# Thread: Slope-intercept form of a line.

1. ## Slope-intercept form of a line.

How do I solve the following problems. For the first one, I know that 2/3x is the slope but what is the slope intercept form and how do I figure it out

1) Write the slope-intercept form of the equation of the line described:
through (-2,3), perpendicular to y=2/3x-3

This one below needs to be in matrix form, ie:[ ]. For this I am having trouble figuring out how to place the numbers in the matrix and do the inverse to solve it since there are not an equal amount of numbers in each equation
2) Solve the system
r+s+6t=23
3r-2s-3t=30
-r+t=-8

What the first question, find the gradient using the relationship $\displaystyle m_T\times m_P=-1$

Where 'm' are the gradients to the tangent and perpendicular.

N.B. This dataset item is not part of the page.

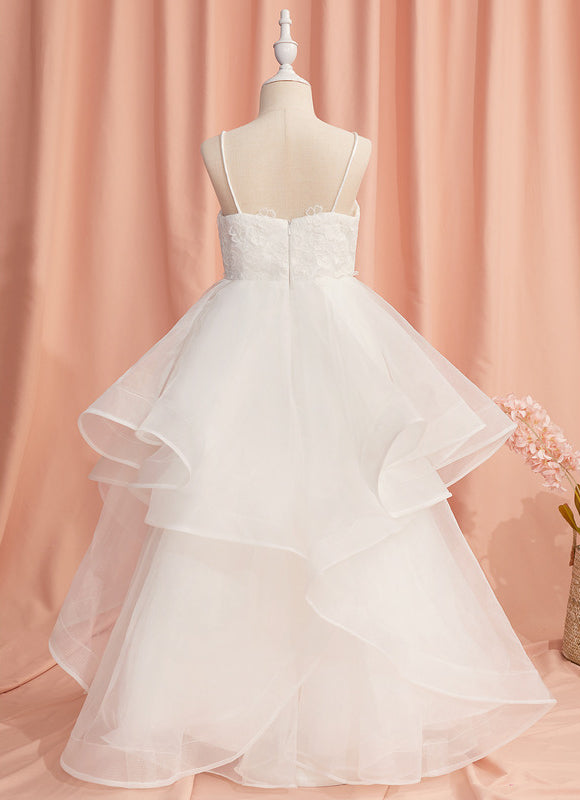 Robe Dentelle Nuageuse Florale - gallery 2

$\displaystyle \left[ \begin{array}{c} r \\ s \\ t \end{array} \right] = \left[ \begin{array}{ccc} 1 & 1 & 6 \\ 3 & -2 & -3 \\ -1 & 0 & 1 \end{array} \right]^{-1} \left[ \begin{array}{c} 23 \\ 30 \\ 8 \end{array} \right]$
The line perpendicular to y= (2/3)x- 3 has slope -3/2. The equation of the line through point (a, b) with slope m is $\displaystyle y= m(x-a)+ b$.